心因性脱毛のシナリオは以下のように考えられています。猫の正常な行動パターンとして、不安、不満、葛藤などのストレスを感じると、その軽減のためにグルーミングが始まります。ところがストレスの原因がなかなか解決されずに持続すると、次第に環境のストレスと関係なく舐める行動が持続してしまい、そのうちに過剰となって心因性脱毛に行き着いてしまうのです。
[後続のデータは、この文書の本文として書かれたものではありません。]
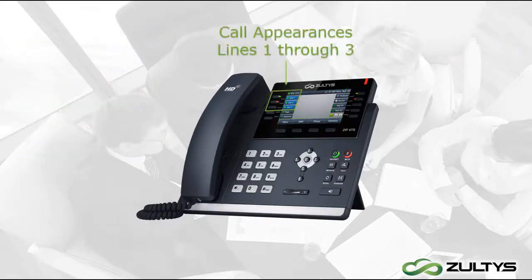The top three buttons on the left of the phone are line keys. You can have up to three simultaneous calls — one call active and the other two on hold. When you are talking on a call on line one, the key will light up solid green. If you place this call on hold, the line will start flashing.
品種、年齢、性別には関係なく見られ、シャム、アジア系品種では遺伝的素因があるとの指摘もあります。

 

原因となるストレスには、環境の変化(例:同居猫が増えたなど)や分離不安(例:飼主の方が留守がちなど)、身体的痛み(例:変形性関節症など)や不快感(例:下部尿路疾患など)などがあり、あらゆるストレスといってもよいくらい多岐にわたります。

 

それでも治療の第一歩は、ストレス源の特定から始めなければなりません。身体疾患がないかどうかは動物病院にお願いしましょう。その際に猫のニーズに応えることができていないことがないか相談に乗ってもらえると思います。それらしきことの目途がつけば、ストレスを減らす手を考えましょう。

 

ストレス源がよくわからなくても、頭を使う遊びは集中により不安を和らげることができますし、エネルギーの発散やコミュニケーションを増やすことで欲求不満の解消は図れますので、おすすめです。

 

エリザベスカラーや保護服という手もありますが、反対にストレスを増大させることがありますので要注意です。

 

それでも、改善がなければ抗不安サプリメントやフェロモン製剤を使用したり、皮膚の傷害がひどい場合には抗うつ剤やシクロスポリン製剤などの薬剤療法も可能ですので動物病院にご相談ください。

 

いずれにしても、猫の心因性脱毛は長丁場。治療は長期に及ぶのが普通ですから、神経質にならずに大らかに進めていきましょう。

 

「お腹がツルツルしていて触り心地がいいから毛なんて生えなくてもいいよ」と、しょっちゅう触っていたら、そのスキンシップが功を奏して毛が生えてきたなんてこともあるかも。